Please reproduce the entries below exactly, leaving the pictures out.

▸ RECORDS SHOWN:
....................

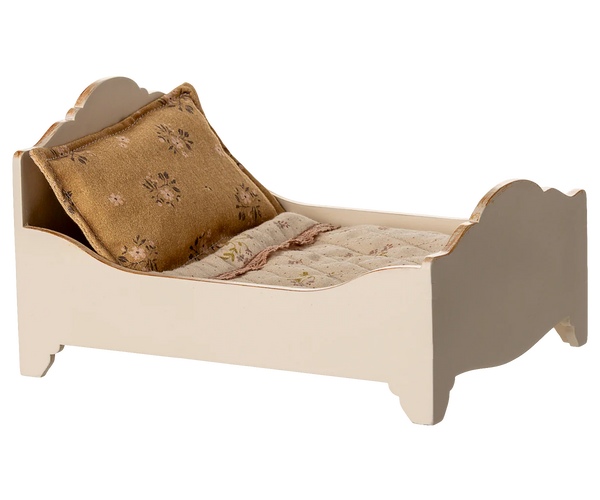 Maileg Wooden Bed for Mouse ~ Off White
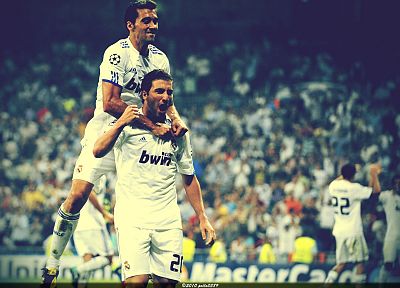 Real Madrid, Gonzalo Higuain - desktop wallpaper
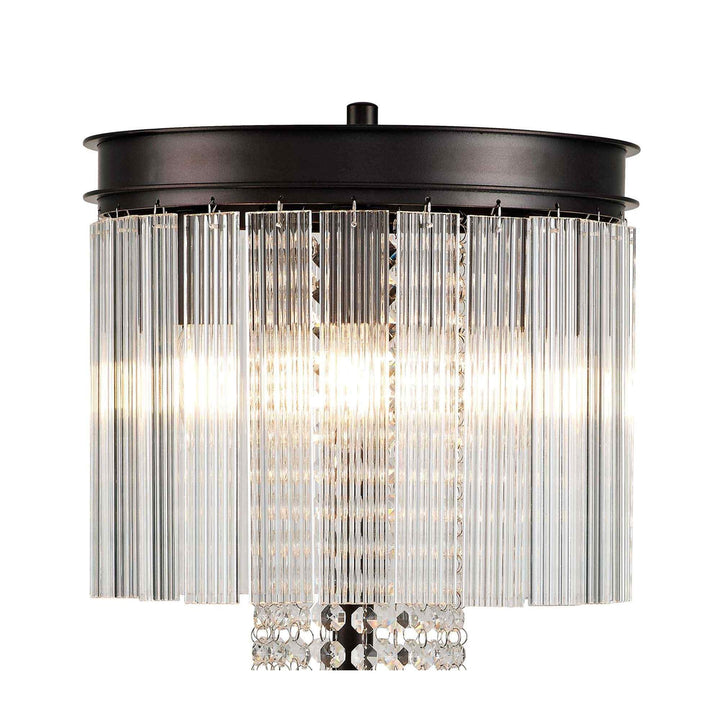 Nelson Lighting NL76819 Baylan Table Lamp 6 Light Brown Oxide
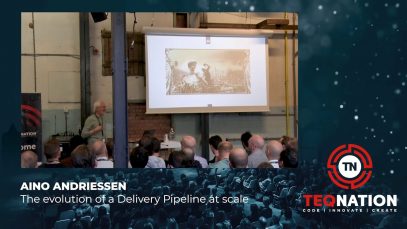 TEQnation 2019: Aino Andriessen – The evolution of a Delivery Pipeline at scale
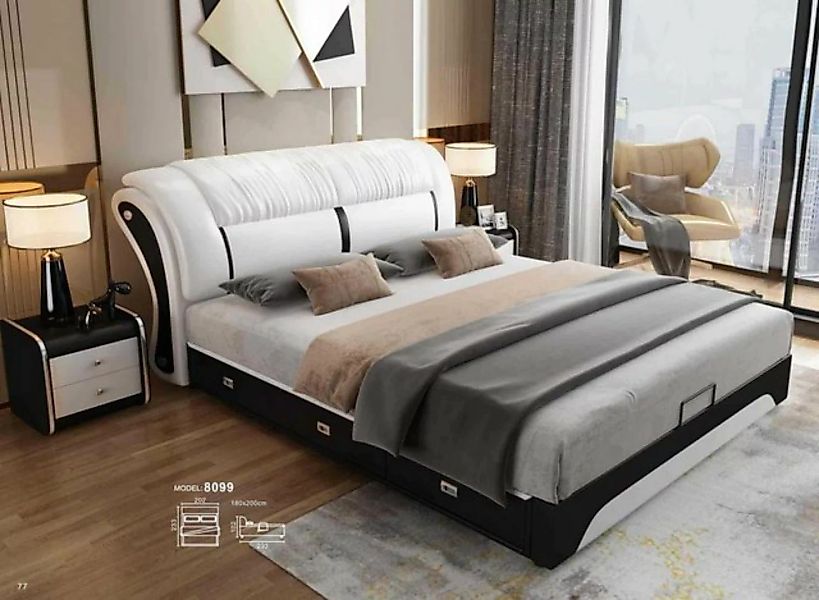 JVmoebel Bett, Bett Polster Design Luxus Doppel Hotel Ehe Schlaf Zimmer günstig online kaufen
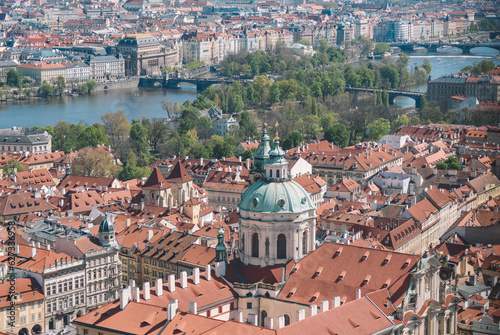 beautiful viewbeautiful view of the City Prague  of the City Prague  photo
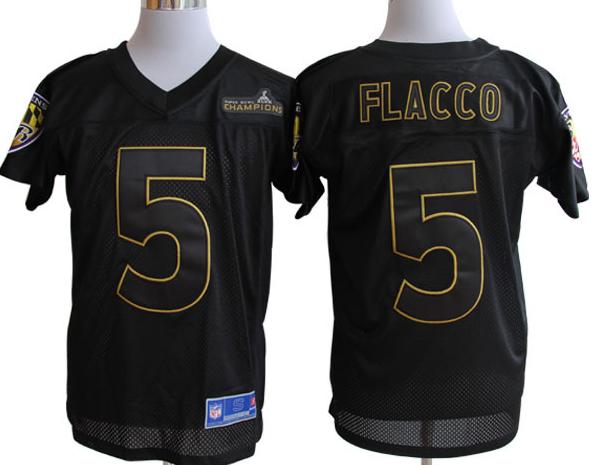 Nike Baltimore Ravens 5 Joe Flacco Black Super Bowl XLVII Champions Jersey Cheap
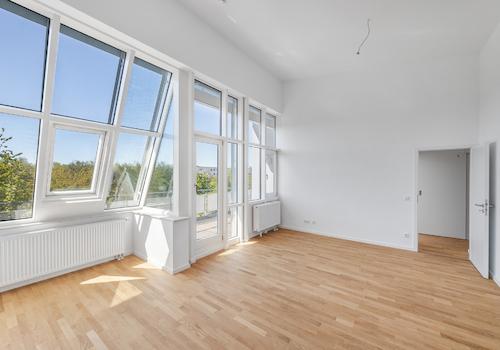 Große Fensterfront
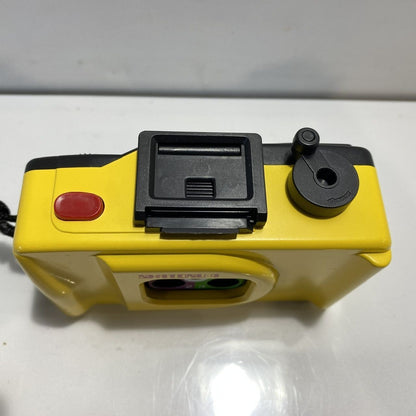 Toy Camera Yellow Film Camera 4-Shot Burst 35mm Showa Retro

....................

▸ RESULT OF THE EXERCISE:
 Maileg Wooden Bed for Mouse ~ Off White
 Real Madrid, Gonzalo Higuain - desktop wallpaper
 Nelson Lighting NL76819 Baylan Table Lamp 6 Light Brown Oxide
 TEQnation 2019: Aino Andriessen – The evolution of a Delivery Pipeline at scale
 JVmoebel Bett, Bett Polster Design Luxus Doppel Hotel Ehe Schlaf Zimmer günstig online kaufen
 beautiful viewbeautiful view of the City Prague  of the City Prague  photo
 Nike Baltimore Ravens 5 Joe Flacco Black Super Bowl XLVII Champions Jersey Cheap
 Große Fensterfront
 Toy Camera Yellow Film Camera 4-Shot Burst 35mm Showa Retro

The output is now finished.